- Beranda
- Komunitas
- News
- Berita dan Politik
Wabah Rasisme Anti-Papua di Indonesia


TS
pasti2periode
Wabah Rasisme Anti-Papua di Indonesia
Quote:
Pemerintah Indonesia terlalu lunak dalam menangani tindakan rasisme anti-Papua. Menurut Undang-Undang Penghapusan Diskriminasi Ras dan Etnis negara itu, siapa pun yang melakukan diskriminasi ras atau etnis dapat dihukum maksimal lima tahun penjara dan/atau denda maksimum Rp500 juta. Namun, ketentuan ini tidak diterapkan dengan benar dan tidak menghalangi pelaku, karena pihak berwenang tidak bertindak cepat dan tegas terhadap tindakan rasis.
Satu hari sebelum Hari Kemerdekaan Indonesia pada 17 Agustus, diskriminasi rasial dialami oleh mahasiswa Papua di Surabaya, Jawa Timur. Masalahnya dipicu oleh kerusakan yang tidak disengaja pada bendera Indonesia yang jatuh ke selokan di depan asrama mahasiswa Papua. Saat itu, mahasiswa Papua dituduh sengaja merusak bendera tersebut.

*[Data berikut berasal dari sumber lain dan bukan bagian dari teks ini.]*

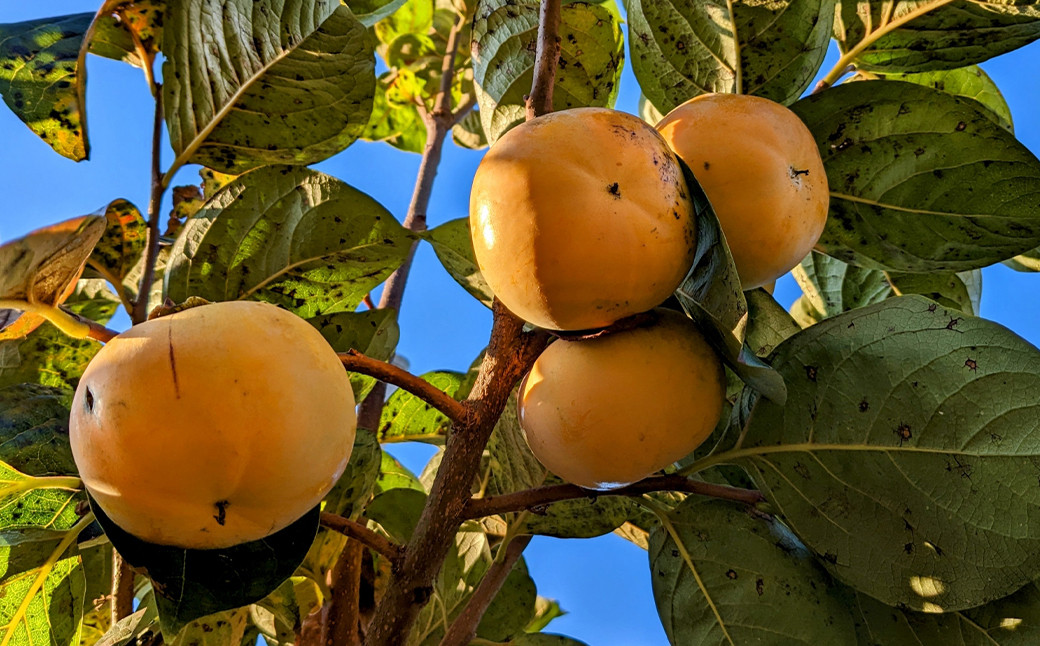 太秋柿 約3kg（8～16玉）柿 カキ 果物【2025年10月上旬～11月上旬発送予定】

Akibatnya, asrama tersebut dikelilingi oleh organisasi nasionalis dan beberapa orang yang berpakaian seragam TNI. Mereka merusak pagar asrama, lalu mengutuk dan meneriakkan “monyet” dan cemoohan lainnya pada para mahasiswa Papua. Mereka juga mengancam akan membunuh para mahasiswa itu alih-alih berbicara secara diplomatis untuk mengklarifikasi apa yang sebenarnya terjadi. Video kejadian itu menyebar dengan cepat ke seluruh Indonesia.
Masyarakat Indonesia, khususnya orang Papua, menanggapi rasisme ini dengan ganas. Gubernur provinsi Papua dengan tegas menyatakan kepada media bahwa orang Papua bukan ras monyet, mereka adalah anggota ras manusia.

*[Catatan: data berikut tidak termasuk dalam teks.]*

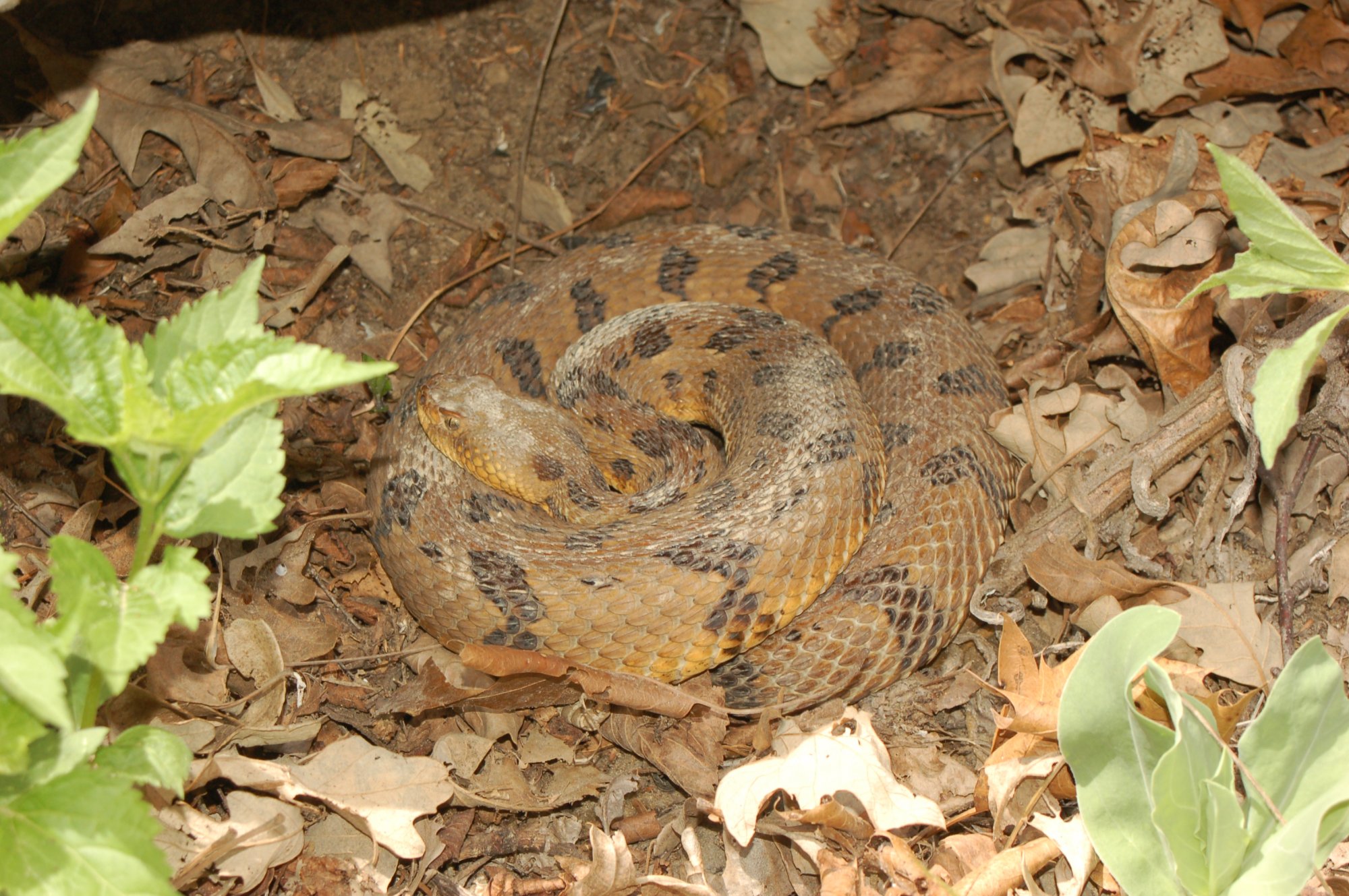 Timber Rattlesnake (Crotalus horridus) Minnesota Amphibian & Reptile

Rasisme di Surabaya juga memicu demonstrasi besar-besaran di beberapa daerah di provinsi Papua dan Papua Barat, termasuk Jayapura, Sorong, Manokwari, Nabire, Fakfak, dan Mimika. Mereka membakar gedung parlemen Papua Barat di Manokwari dan merusak fasilitas umum di Fakfak. Beberapa orang Papua bahkan berdemonstrasi di Istana Presiden di Jakarta Pusat. Mereka menuntut agar pemerintah Indonesia menghukum berat mereka yang melakukan diskriminasi rasial.
Orang Papua secara etnis sangat berbeda dari orang Indonesia lainnya, terutama karena warna kulit mereka. Mereka telah lama menjadi sasaran dengan stereotip negatif dan pelecehan ras.
Pada tahun 2016, seorang mahasiswa Papua di Yogyakarta dikejar, ditangkap, dan dipukuli oleh polisi tanpa alasan yang jelas. Fakta yang paling memilukan adalah foto yang tersebar menunjukkan hidung mahasiswa itu ditarik oleh polisi dan tangannya diborgol. Namun, penegakan hukum terhadap pelanggaran rasis dan HAM terhadap orang Papua seringkali bias dan tidak lengkap.
Pemerintah Indonesia terlalu lunak dalam menangani tindakan rasisme terhadap orang Papua. Menurut Undang-Undang Penghapusan Diskriminasi Ras dan Etnis negara itu, siapa pun yang melakukan diskriminasi ras atau etnis dapat dihukum maksimal lima tahun penjara dan/atau denda maksimum Rp500 juta. Namun, ketentuan ini tidak diterapkan dengan benar dan tidak menghalangi pelaku, karena pihak berwenang tidak bertindak cepat dan tegas terhadap tindakan rasis.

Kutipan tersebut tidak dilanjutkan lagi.